Recorded data »

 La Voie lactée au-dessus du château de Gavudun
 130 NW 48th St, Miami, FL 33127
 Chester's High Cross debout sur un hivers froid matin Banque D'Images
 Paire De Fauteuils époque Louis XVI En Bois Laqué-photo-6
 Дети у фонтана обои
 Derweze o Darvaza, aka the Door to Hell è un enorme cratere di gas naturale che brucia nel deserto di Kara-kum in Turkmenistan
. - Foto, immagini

--

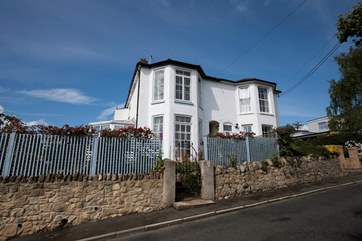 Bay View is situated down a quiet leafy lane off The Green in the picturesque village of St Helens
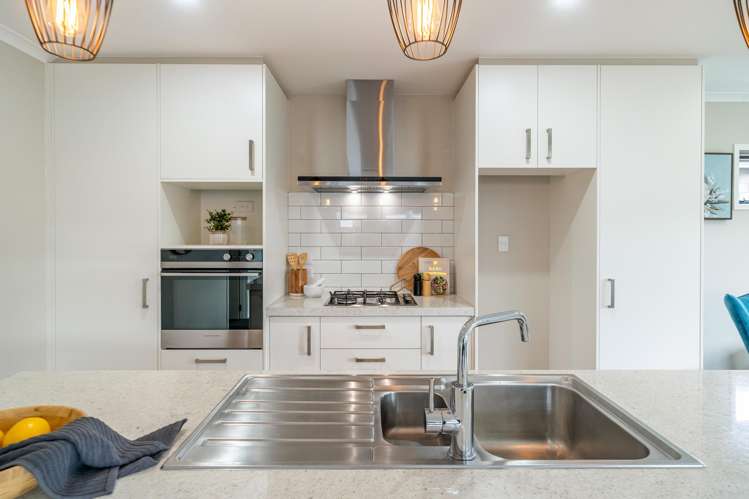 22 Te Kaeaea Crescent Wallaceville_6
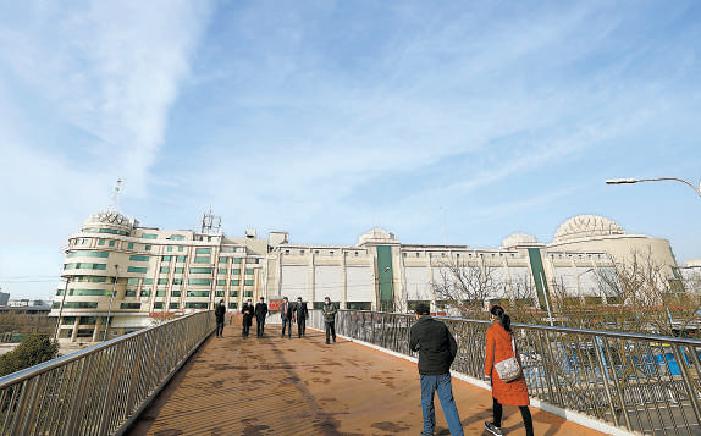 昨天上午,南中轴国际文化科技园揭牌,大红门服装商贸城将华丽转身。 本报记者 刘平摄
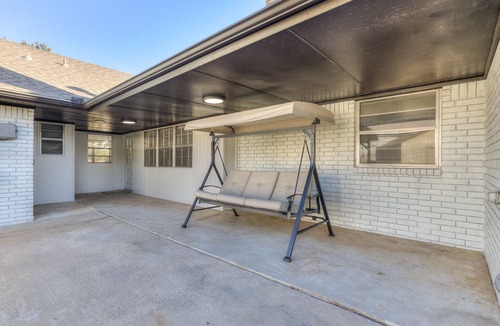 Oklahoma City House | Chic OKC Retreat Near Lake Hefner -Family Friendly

Activity » With the pictures omitted, copy exactly the lines of the listing above starting at the line containing "22 Te Kaeaea Crescent Wallaceville_6" and ending at the line containing "Oklahoma City House", both included.

Response to the exercise »
 22 Te Kaeaea Crescent Wallaceville_6
 昨天上午,南中轴国际文化科技园揭牌,大红门服装商贸城将华丽转身。 本报记者 刘平摄
 Oklahoma City House | Chic OKC Retreat Near Lake Hefner -Family Friendly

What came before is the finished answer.